The reason this works: humans are much better at comparing two outputs than writing a perfect one from scratch. RLHF exploits that asymmetry.

Why PPO Is Hard in Practice

PPO sounds clean on paper. In practice:

Four models in memory. You need the policy model, a reference model (for KL), the reward model, and a value model. That's a lot of GPU.
Training instability. RL on language models is notoriously brittle. Hyperparameter sensitivity is high; reward hacking is common; training runs can collapse.
Slow iteration. Each RLHF run involves generation, scoring, and gradient updates in a loop. It's much slower than supervised training.
Infrastructure complexity. You need generation infrastructure, reward inference, and training all coordinated in a single loop.

These are engineering problems, not research curiosities. They're why simpler alternatives have gained so much traction.

DPO: Skip the Reward Model

Direct Preference Optimization (DPO) reformulates the RLHF objective into a supervised loss. Instead of training a reward model and then doing RL against it, DPO directly optimizes the language model on preference pairs using a classification-style loss.

Key properties:

No separate reward model. The language model itself implicitly defines the reward.
No RL loop. It's a single supervised training pass.
Much simpler infrastructure. Looks like normal fine-tuning.
Comparable results to PPO-based RLHF on many benchmarks.

The catch: DPO is more sensitive to data quality than RLHF. PPO can explore — it generates new completions during training. DPO only learns from the completions already in the dataset. If your preference data doesn't cover important regions of the output space, DPO can underperform.

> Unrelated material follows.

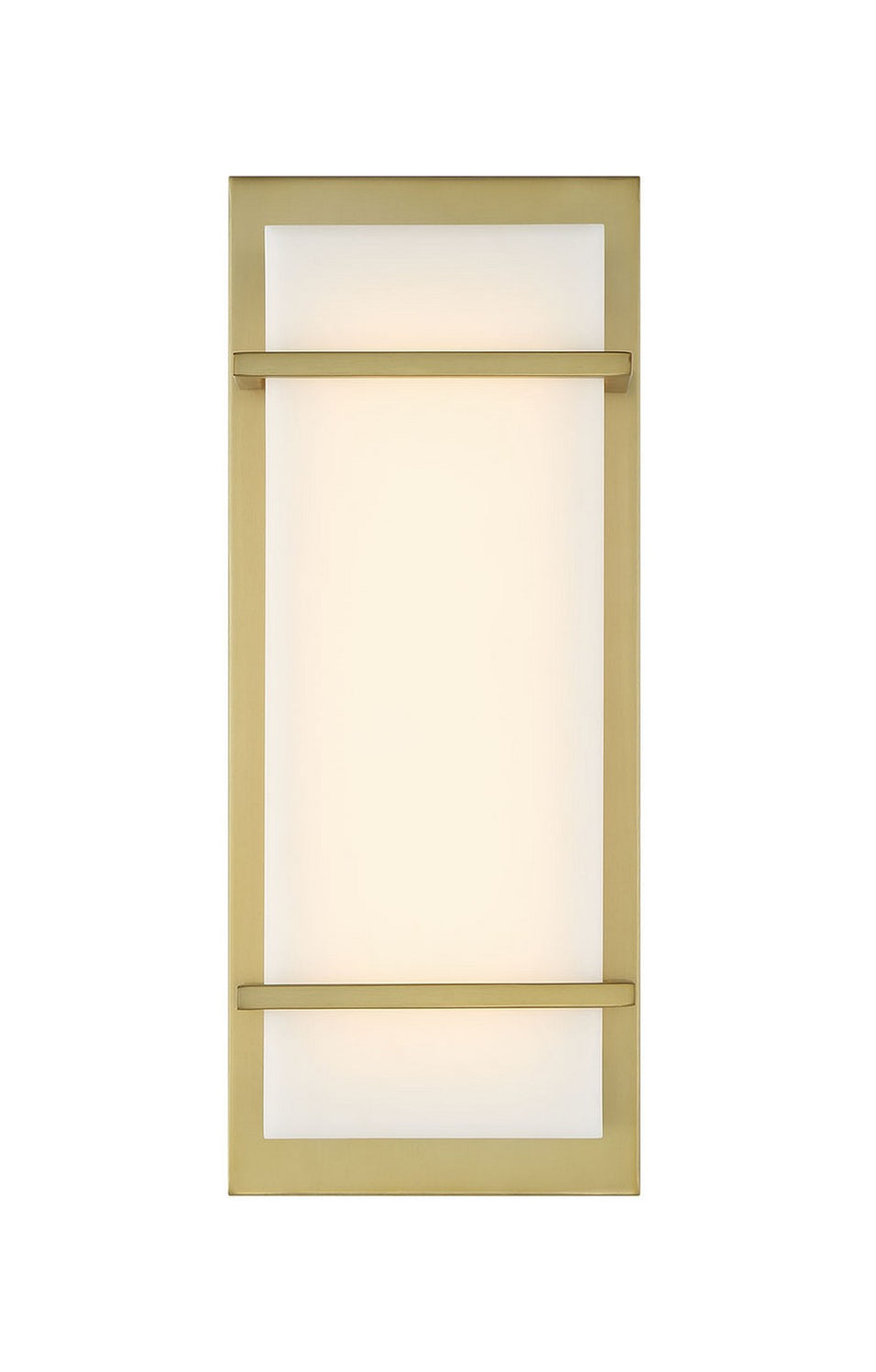 Minka-Lavery - 431-695-L - LED Wall Sconce - Tarnos - Soft Brass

RLAIF: Replace Human Annotators with AI

Reinforcement Learning from AI Feedback (RLAIF) replaces human annotators with an LLM. Instead of showing response pairs to humans, you ask a strong model (often with a set of principles) to judge which is better.

When it works:

Scale. You can generate millions of preference labels cheaply.
Consistency. No inter-annotator disagreement, no calibration drift.
Speed. Hours instead of weeks to build a preference dataset.

When it doesn't:

Circular reasoning. An LLM judging LLM outputs can reinforce existing biases.
Blind spots. The judge model can't catch errors it would also make.
Ceiling effect. You can't reliably improve a model beyond the judge's capability.

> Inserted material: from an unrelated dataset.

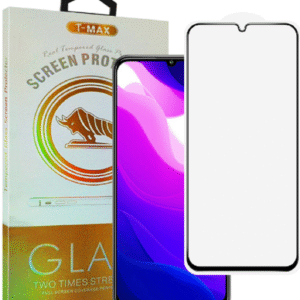 T-Max Premium 3D Tempered Glass Full Glue Fluid Despensing - Αντιχαρακτικό Γυαλί Οθόνης Xiaomi Mi 10 Lite - Black (5206015065934)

RLAIF is most useful when the judge model is significantly stronger than the model being trained, or when human annotation simply can't scale to the volume you need.

KTO: No Pairs Required

Kahneman-Tversky Optimization (KTO) goes further than DPO by not requiring paired comparisons at all. Instead, each response is independently labeled as "good" or "bad," and the loss function uses insights from prospect theory — humans weight losses more than gains.

Why this matters:

Easier data collection. Thumbs-up/thumbs-down is simpler than pairwise ranking.
Works with production signals. User upvotes, completions, and rejection signals map directly.
Competitive results with DPO on standard benchmarks.

The main limitation: without pairwise comparisons, you lose some granularity in what "better" means.

When to Use What

Method	Best for	Infrastructure	Data requirement
RLHF (PPO)	Maximum control, frontier labs with infra	Heavy — 4 models, RL loop	Pairwise preferences
DPO	Most production teams	Light — supervised training	Pairwise preferences
RLAIF	Scale + cost sensitive	Medium — needs judge model	AI-generated preferences
KTO	Leveraging production signals	Light — supervised training	Binary labels per response

For most teams building products today: start with DPO. It's the best ratio of result quality to implementation complexity. Move to RLHF only if you're pushing the frontier and have the engineering team to support it. Use KTO when you have abundant binary signals but no paired comparisons.

The Alignment Tax

Every alignment method trades off some capability for some behavioral property. The model after RLHF is worse at certain tasks than the SFT model — it's more cautious, more verbose, more likely to refuse edge cases. This is intentional but it's real.

The practical question is always: how much capability are you willing to trade for how much alignment? The answer depends on your product, your users, and your risk tolerance. There's no universal right answer — only tradeoffs you can measure.